AttributeError: 'DataFrame' object has no attribute '_get_object_id'

0

Using the Zeppilin notebook server, I have written the following script. The initialization is taken from the template created in glue, but the rest of it is custom. I'm getting the error:

AttributeError: 'DataFrame' object has no attribute '_get_object_id'

when I run the script. I'm pretty confident the error is occurring during this line:

datasink = glueContext.write_dynamic_frame.from_catalog(frame = source_dynamic_frame, database = target_database, table_name = target_table_name, transformation_ctx = "datasink")

but I can't decipher what it's trying to tell me. Can anyone please help me out or point me in the right direction? Thanks!

%pyspark
import sys
from pyspark.context import SparkContext
from pyspark.sql.functions import lit, current_timestamp
from pyspark.sql.window import Window
from pyspark.sql.types import IntegerType, StructType, StructField, LongType
from awsglue.context import GlueContext
from awsglue.transforms import *
from awsglue.utils import getResolvedOptions
from awsglue.dynamicframe import DynamicFrame
from awsglue.job import Job

def dfZipWithIndex (df, offset=1, colName="RID"):
    '''
        Enumerates dataframe rows is native order, like rdd.ZipWithIndex(), but on a dataframe 
        and preserves a schema

        :param df: source dataframe
        :param offset: adjustment to zipWithIndex()'s index
        :param colName: name of the index column
    '''
    new_schema = StructType(
                    df.schema.fields +                            # previous schema
                    [StructField(colName,LongType(),True)]        # new added field in front
                )

    zipped_rdd = df.rdd.zipWithIndex()

    new_rdd = zipped_rdd.map(lambda (row,rowId): (list(row)+ [rowId +offset]))

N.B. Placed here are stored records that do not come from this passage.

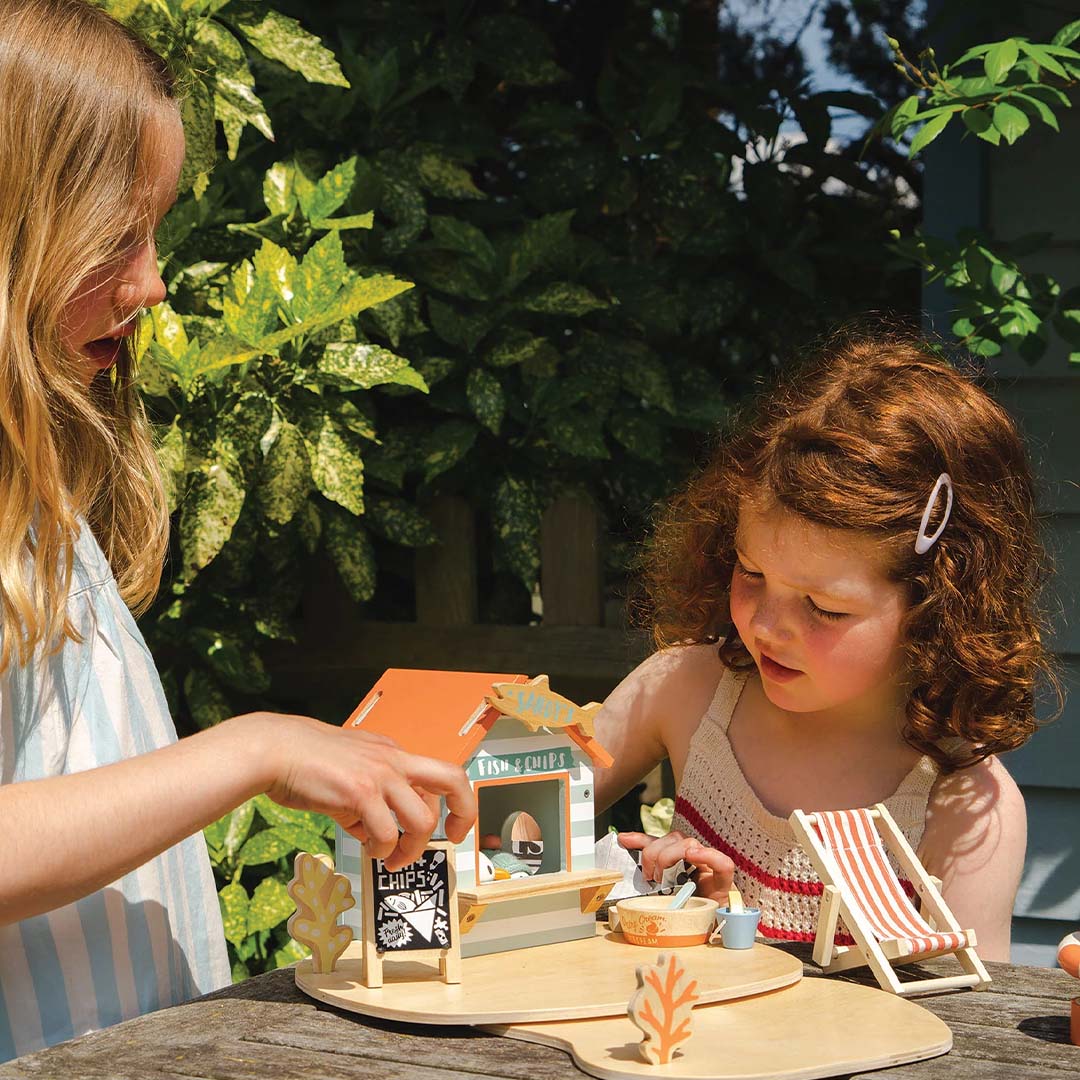 Twee meisjes spelen buiten met de Tender Leaf Toys speelset strandpaviljoen op een houten tafel.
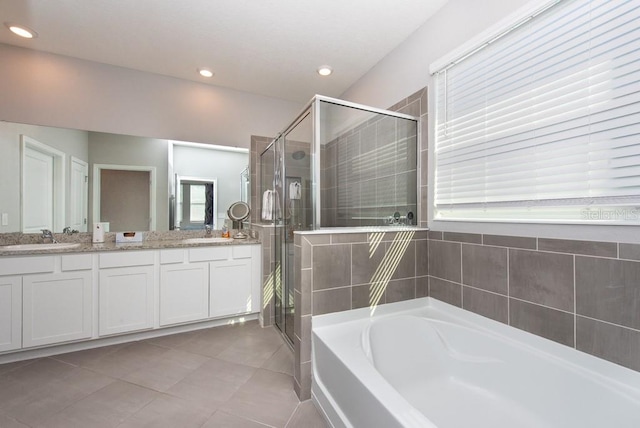 bathroom with tile patterned flooring, vanity, and shower with separate bathtub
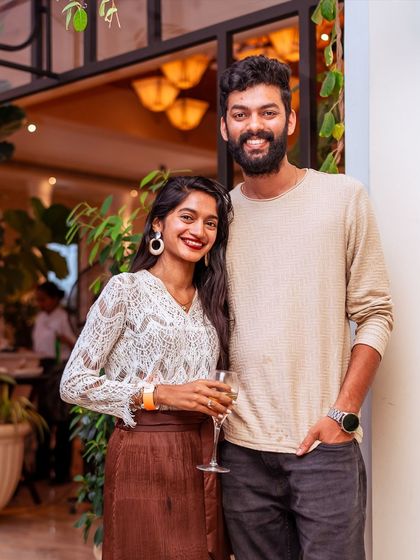 A happy couple poses for a photo, enjoying a day out at Roxie.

    return spark.createDataFrame(new_rdd, new_schema)
    
# if len(sys.argv) == 0:
sys.argv.append('TEST_ETL_JOB')
print sys.argv

# args = getResolvedOptions(sys.argv, ['JOB_NAME'])
args = {}
args['JOB_NAME'] = 'TEST_ETL_JOB'
print args

sc = SparkContext.getOrCreate()
glueContext = GlueContext(sc)
spark = glueContext.spark_session
job = Job(glueContext)
job.init(args['JOB_NAME'], args)

# etl job configuration
schema_mapping = [("name", "string", "NAME", "string"), ("carrier id", "bigint", "DESCRIPTION", "string")]
source_file_name = "foo.csv"
source_database = "test016"
source_table_name = "5b3f6af0-9f34-4a6f-9c7d-c531b513f459-25a17d34_1f16_4013_9035_38783be0ba9b"
target_database = "test016"
target_table_name = "udf_udf_evt"

# Create a DynamicFrame using the uploaded table
source_dynamic_frame = glueContext.create_dynamic_frame.from_catalog(database=source_database, table_name=source_table_name)

# the mapping from CDF to UDF should appear here
source_dynamic_frame = ApplyMapping.apply(frame=source_dynamic_frame, mappings=schema_mapping)

# convert from dynamic frame to data frame to append columns
source_data_frame = source_dynamic_frame.toDF()

source_data_frame = source_data_frame.withColumn('SOURCE_ID', lit(0))
source_data_frame = source_data_frame.withColumn('TYPE_ID', lit(0))
source_data_frame = source_data_frame.withColumn('DELIVERY_ID', lit(0))

source_data_frame = source_data_frame.withColumn('SOURCE', lit('XXX'))
source_data_frame = source_data_frame.withColumn('NOTES', lit('YYY'))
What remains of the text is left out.